Vingt-six ans de silence, puis deux inscriptions en trois ans

Avant Djerba, la dernière inscription tunisienne remontait à 1997, avec le site archéologique de Dougga. Vingt-six ans sans nouvelle entrée sur la Liste — un vide qui n’est pas anodin dans un pays qui avait fait inscrire trois biens dès 1979.

Ce n’est pas faute d’avoir essayé : les premières initiatives concernant Djerba remontent aux années 1970. Le dossier de candidature n’a été déposé au Centre du patrimoine mondial que le 1er février 2022, avant d’être retenu début mars de la même année, puis évalué par les organes consultatifs — ICOMOS pour le patrimoine culturel, UICN pour les aspects naturels — dont les recommandations ont donné lieu, en juillet 2023, à la création d’un comité interministériel chargé de leur mise en œuvre. Un demi-siècle entre l’intention et l’inscription.

Ce délai éclaire ce qui suit : ces deux dossiers ne sont pas des coups de chance diplomatiques, ce sont des constructions longues, et leur parenté conceptuelle n’a rien d’accidentel.


Djerba (2023) : ce qui est classé n’est pas un monument

L’erreur la plus courante consiste à croire que « Djerba est classée à l’UNESCO ». Ce n’est pas l’île entière qui est inscrite, mais un bien en série : sept zones et vingt-quatre monuments, répartis sur les 514 km² de la plus grande île d’Afrique du Nord. Ce découpage n’est pas administratif, il est démonstratif : chaque composante illustre un élément du système d’occupation, et c’est le système qui fait la valeur.

Le menzel et le houch : habiter dispersé

L’unité de base du peuplement djerbien n’est pas le village mais le menzel, exploitation agricole autonome au cœur de laquelle se dresse le houch — une unité d’habitation de forme massive, dépourvue d’ouvertures sur l’extérieur et flanquée de tours d’angle. Autrement dit : une maison conçue comme un petit fort.

Ce mode dispersé s’oppose frontalement au modèle de la médina groupée qu’on trouve à Tunis, Kairouan ou Sousse. Il répond à d’autres contraintes : l’accès à la nappe phréatique, la répartition des terres cultivables, et l’insécurité. Les zones inscrites reflètent cette diversité — deux à occupation dense, dont Hara Sghira et le centre ancien de Houmt Souk, cinq à occupation suburbaine, et une zone côtière inhabitée. Les zones rurales, au centre de l’île, dessinent un croissant qui suit la fertilité du sol et la présence d’une nappe d’eau douce.

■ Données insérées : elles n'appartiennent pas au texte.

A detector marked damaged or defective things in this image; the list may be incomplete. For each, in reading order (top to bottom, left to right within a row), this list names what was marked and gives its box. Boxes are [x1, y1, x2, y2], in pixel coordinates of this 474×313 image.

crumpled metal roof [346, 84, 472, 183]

Des mosquées bâties pour la peur

C’est l’aspect le plus saisissant du dossier, et le moins connu des visiteurs. Les nombreuses mosquées de Djerba doivent leur forme à l’insécurité permanente : silhouettes trapues et ramassées, façades percées de meurtrières, terrasses au pourtour crénelé. Elles étaient des lieux de refuge et de résistance autant que de prière.

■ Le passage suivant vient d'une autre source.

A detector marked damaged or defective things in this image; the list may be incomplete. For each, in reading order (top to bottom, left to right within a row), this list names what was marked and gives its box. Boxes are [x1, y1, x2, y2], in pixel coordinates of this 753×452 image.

Leur répartition constitue un dispositif défensif complet, qu’il faut lire à l’échelle de l’île :

  • Première ligne — des mosquées jalonnent le littoral, à portée de voix les unes des autres, servant de points de surveillance et d’alerte.
  • Seconde ligne — des mosquées fortifiées, d’allure massive, en retrait.
  • Refuges — d’autres encore, parfois troglodytiques, dispersées à l’intérieur des terres.

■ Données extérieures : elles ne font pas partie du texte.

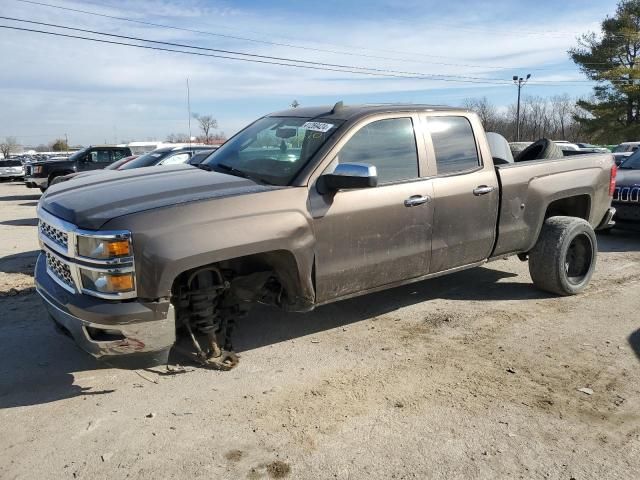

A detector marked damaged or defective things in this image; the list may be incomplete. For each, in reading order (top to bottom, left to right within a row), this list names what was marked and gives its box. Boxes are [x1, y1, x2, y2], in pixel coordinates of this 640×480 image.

damaged pickup truck [33, 104, 616, 368] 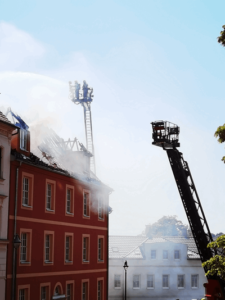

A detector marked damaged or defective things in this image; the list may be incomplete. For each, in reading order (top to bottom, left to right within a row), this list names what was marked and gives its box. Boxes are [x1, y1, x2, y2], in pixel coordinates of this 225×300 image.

damaged roof [109, 236, 200, 258]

Ce système d’alerte par la voix, de mosquée en mosquée, est le cousin djerbien du réseau de ribats côtiers dont Sousse conserve le maillon le mieux préservé. Même problème — la menace venue de la mer —, deux réponses architecturales différentes.

L’eau, contrainte fondatrice

La formule retenue par l’UNESCO parle d’un témoignage exceptionnel d’un schéma de peuplement unique et d’une adaptation humaine remarquable, à travers les siècles, aux contraintes d’un environnement marqué par la rareté de l’eau et par de nombreuses menaces venues de la mer. La rareté de l’eau vient en premier, et ce n’est pas fortuit : sans citernes, sans impluviums, sans gestion collective de la ressource, l’habitat dispersé serait impossible. À Djerba comme à l’Ichkeul, quoique dans un tout autre registre, la valeur patrimoniale tunisienne se joue sur l’eau.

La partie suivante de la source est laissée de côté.